The evolution of our understanding of climate change from an ethical or environmental issue to one that presents foreseeable financial and systemic risks (and opportunities) over short, medium and long-term investment horizons has significantly changed its relevance to the governance of both corporations and investors. This evolution means there are serious implications for the duties of directors and officers, and potential disclosure obligations for companies.
This second edition of the Primer on Climate Change: Directors’ Duties and Disclosure Obligations provides an overview of contemporary evidence that climate change presents foreseeable, and in many cases material, financial and systemic risks that affect corporations and their investors. It then discusses:
1) general climate obligations in the jurisdictions where The Climate Governance Initiative is present though its global network of national Chapters;
2) how company law and directors’ duties in these jurisdictions require directors to incorporate climate change into their strategies, legal oversight, and supervision of the companies entrusted to their care;
3) disclosure obligations; and
4) advice to directors.
While legal frameworks vary between jurisdictions, it is generally the case that directors act as fiduciaries of the company in discharging their functions, and owe duties of loyalty and care and diligence to the company.
The content of these duties varies as the factual context in which the directors act changes. A reasonable decision for a director fifty, ten or even five years ago might not look so reasonable today. Understanding these duties in the context of a changing external context is particularly relevant in the case of climate change, where the evidence of climate-related risks and opportunities is becoming ever more apparent, and changes in regulation are gathering momentum such that the likelihood of a disorderly and disruptive transition increases.
To discharge their duties, therefore, directors must integrate climate risks and opportunities into their governance roles.

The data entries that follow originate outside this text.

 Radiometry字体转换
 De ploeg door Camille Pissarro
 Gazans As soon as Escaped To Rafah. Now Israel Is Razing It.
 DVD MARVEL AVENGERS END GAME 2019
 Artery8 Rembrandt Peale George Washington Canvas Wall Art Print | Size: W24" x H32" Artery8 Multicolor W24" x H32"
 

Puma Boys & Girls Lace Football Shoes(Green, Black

Similarly, directors are generally subject to duties to disclose material risks facing the company to the company’s investors. Climate risks are now understood by regulators and investors as being potentially material financial risks to a company, and therefore directors may need to consider whether they should
be disclosed. Additionally, regulatory measures requiring disclosure of climate and other sustainabilityrelated risks are increasingly being put in place by governments and regulators.
Litigation challenging companies’ contributions to climate change is becoming a reality in many countries. Over 2,000 cases have been filed as of 31 May 2022, seeking to recoup some of the damage caused by climate change or the costs of adaptation, or to challenge governments’ or corporations’ actions or failure to act. Challenges to the actions—and inactions—of companies and their directors are starting to emerge, evidenced in stark form by the judgment in the Netherlands on 26 May 2021, ordering Royal Dutch Shell to reduce its CO2 emissions by 45% from 2019 levels by the end of 2030.

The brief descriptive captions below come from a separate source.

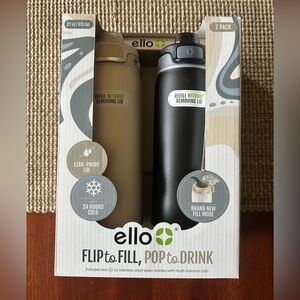 Ello Water Bottle Set - Dunes / Charcoal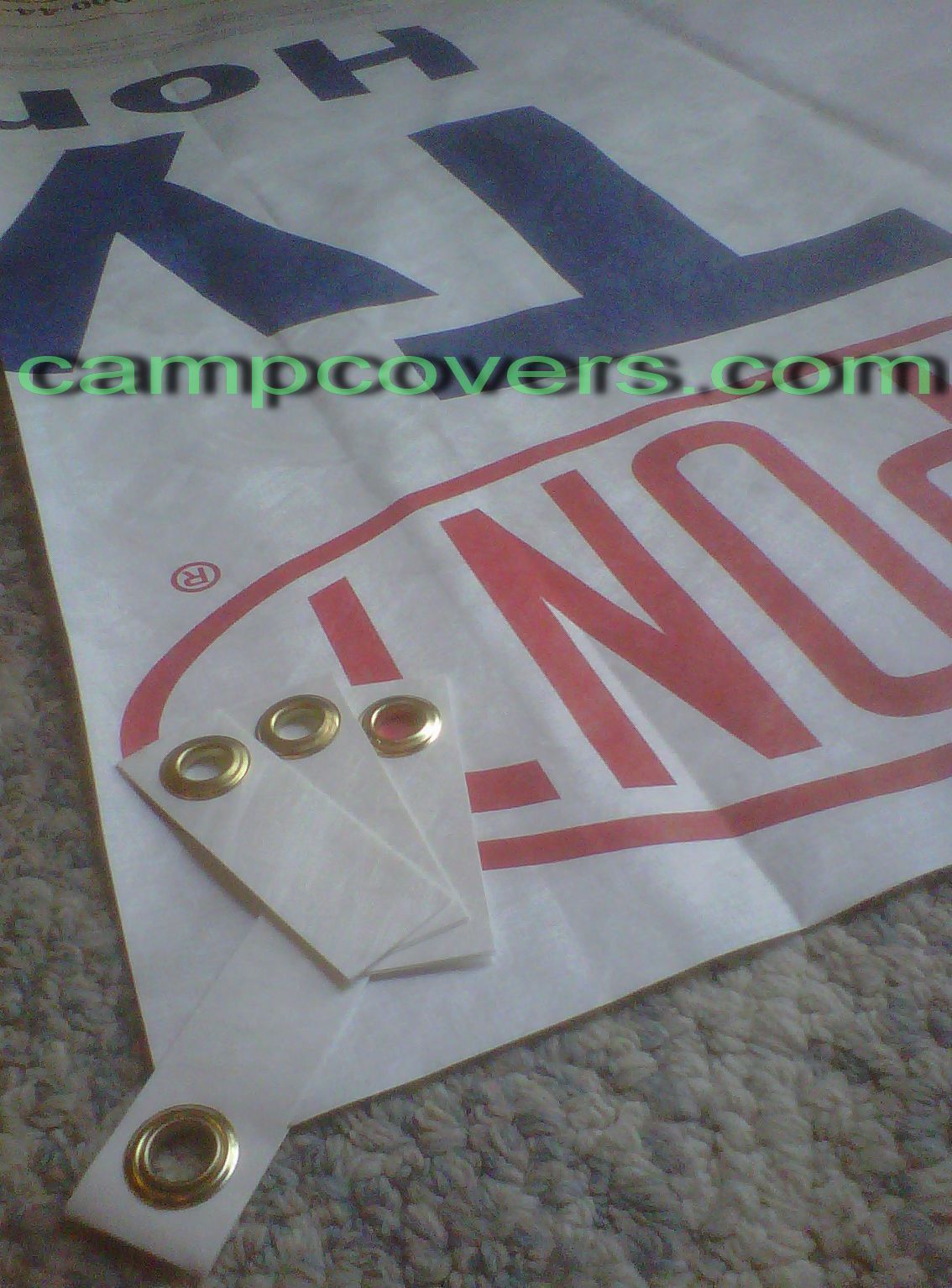 Nemo Hornet 2P Tyvek Ground Sheet ~ Tent Footprint ''KIT'' w/ 4 UL Grommet Tabs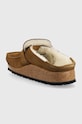 Încălțăminte Birkenstock papuci din piele intoarsa Buckley Shearling 1018127 maro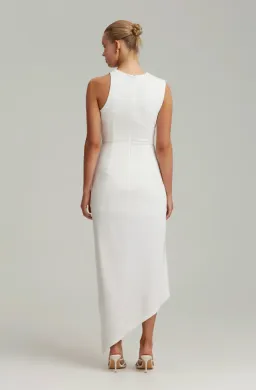 C/MEO Collective Entropy Midi Dress White Size 6 for rent on The Volte - image 6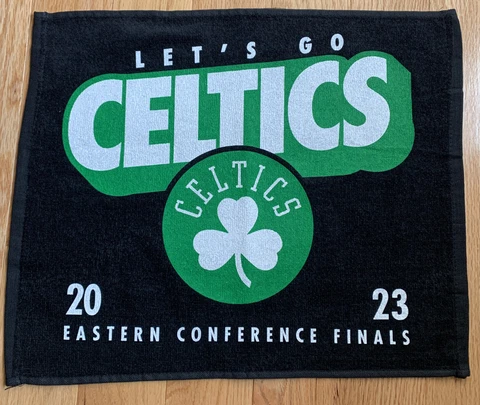Boston (Let’s Go) Celtics 2023 Eastern Conference Finals Rally Towel  15x18 ☘️ Cover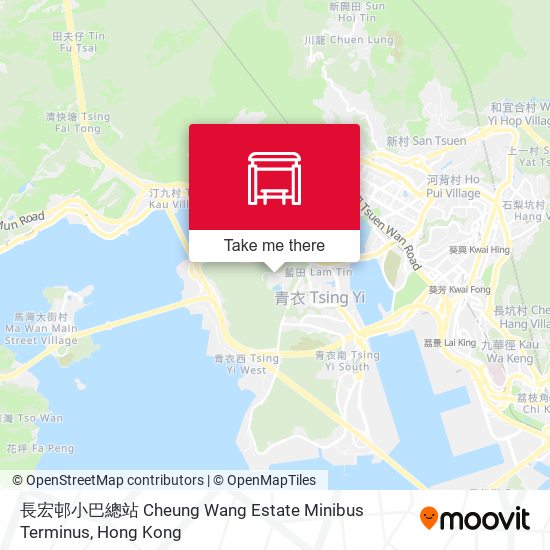 長宏邨小巴總站 Cheung Wang Estate Minibus Terminus map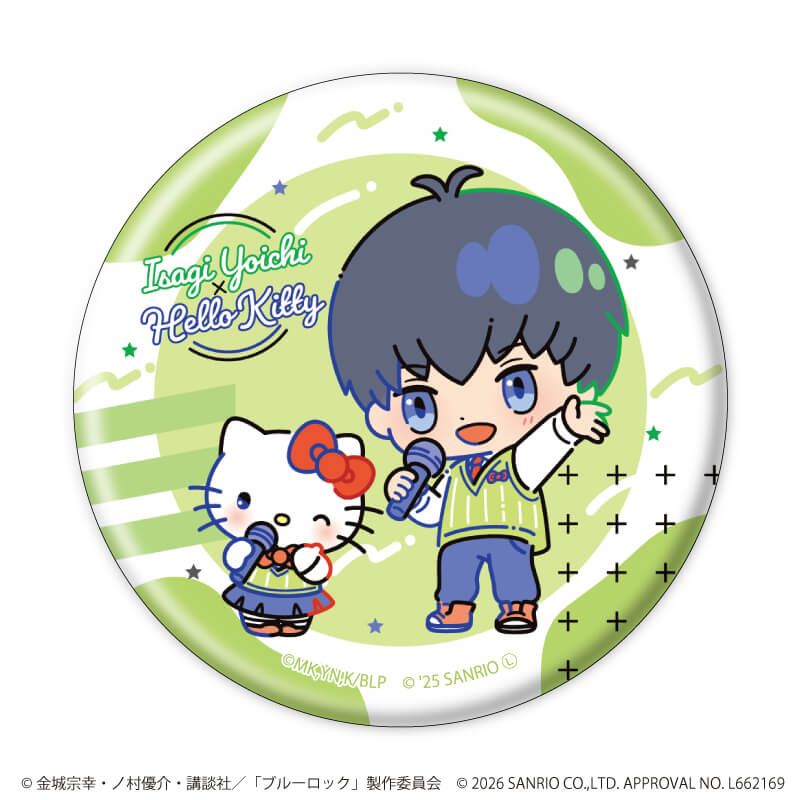 缶バッジ「TVアニメ『ブルーロック』×サンリオキャラクターズ」03/コンプリートセット(全10種)(コラボイラスト)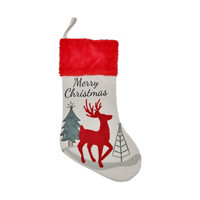 Christmas Reindeer Printed Decorative Stockings, 16.5 in x 7 in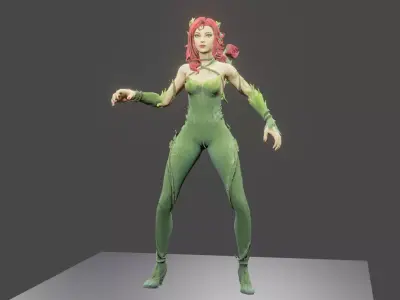 Poison ivy fortnite Low-poly 3D model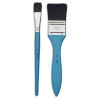 2 pinceaux - Spalter - Plat - Aquarelle - Imitation petit-gris - Pébéo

Where directors fail to meet the standards of good governance, they may be exposed to litigation risks themselves. In the UK, an environmental NGO, ClientEarth, has begun the process to bring a claim against the board of Shell, alleging that the board has failed in its duties to act in the best interests of the company and to act with due care, skill and diligence by failing to develop and implement a climate strategy that aligns with the Paris Agreement goals, increasing its risk of stranded assets and having to make write-downs (due to both physical and transition risks).

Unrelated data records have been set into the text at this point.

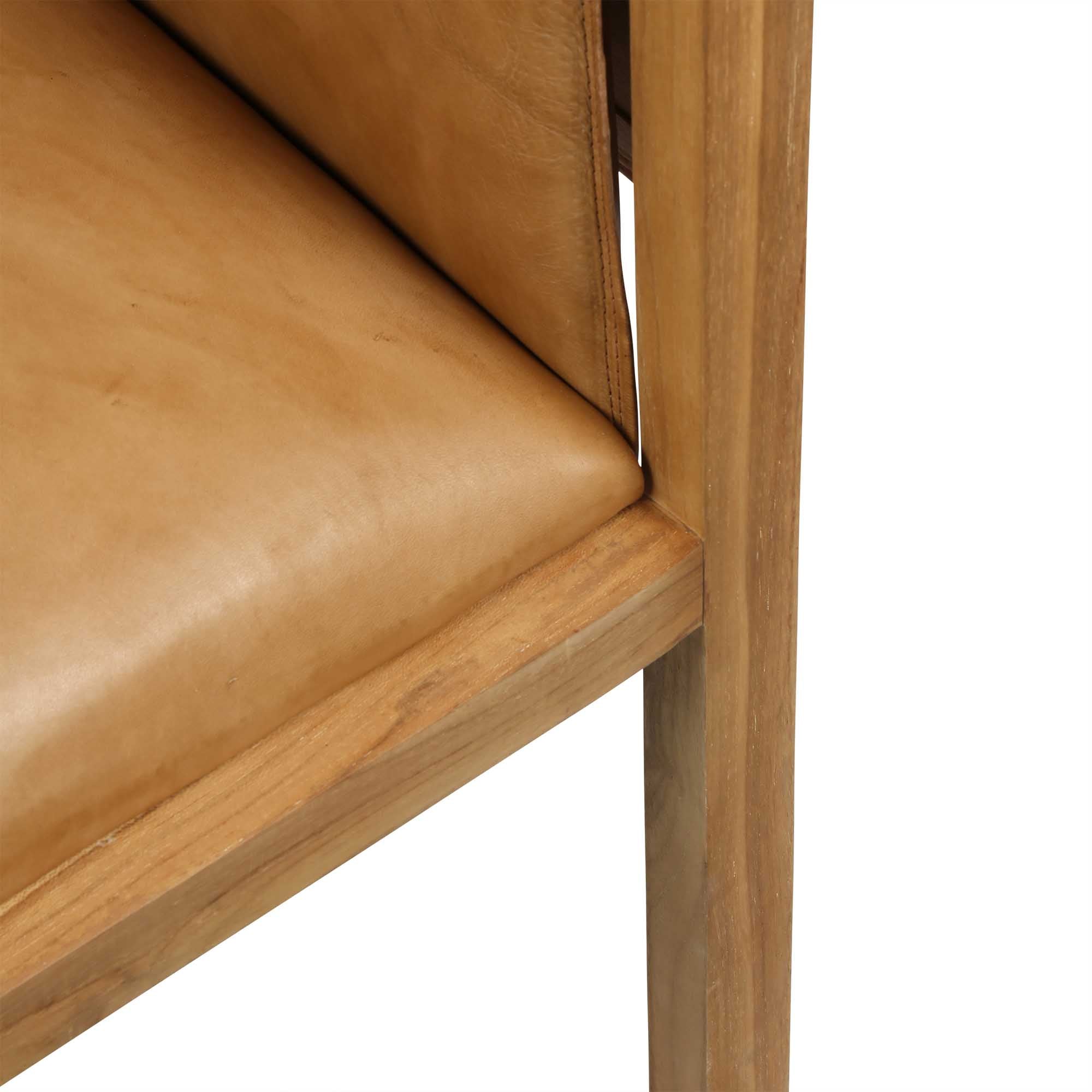 Zayne Arm Chair - Toffee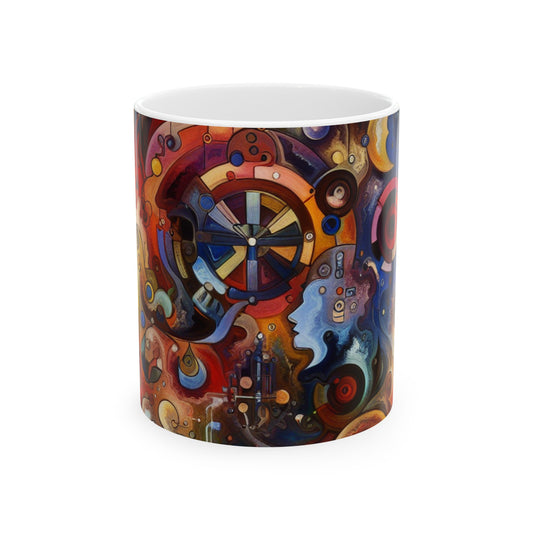 "Eternal Bloom and Fleeting Time" - The Alien Ceramic Mug 11oz Symbolism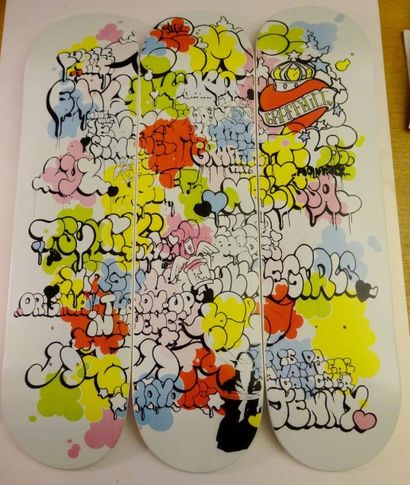 TILT (Français, né en 1973)
Sans titre

Sérigraphie...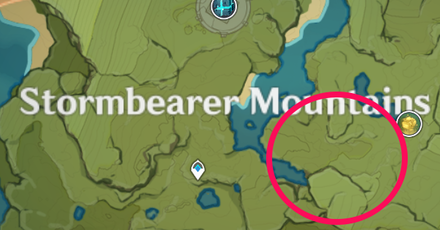 Genshin - Birch Wood Location Stormbearer Mountains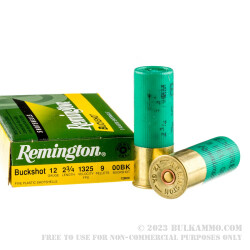 5 Rounds of 12ga Ammo by Remington Express -  00 Buck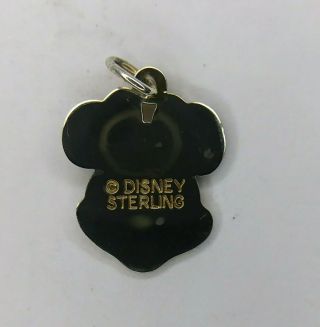 Rare Vintage Sterling Silver Authentic Disney Minnie Mouse Charm / Pendant 2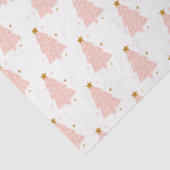 陽気なピンクのクリスマスツリーホリデー 薄葉紙 (詳細)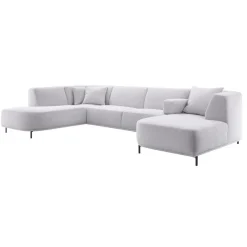 New Hoekbank links Pantini lichtgrijs excellent comfort Hoekbank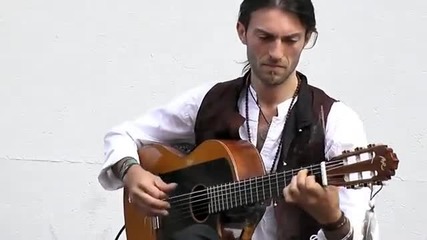 Estas Tonne performing at the Neuchatel Buskers Festival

We have produced this Primer for board directors so they can be informed and prudent advocates, encouraging their boards to integrate the issue of climate change issues in the development of their companies’ corporate strategy, risk management oversight, governance and disclosure. This, alone, is the most effective thing directors can do to fulfil their obligations to their companies while steering well clear of any personal liability exposure from the potential increase of litigation.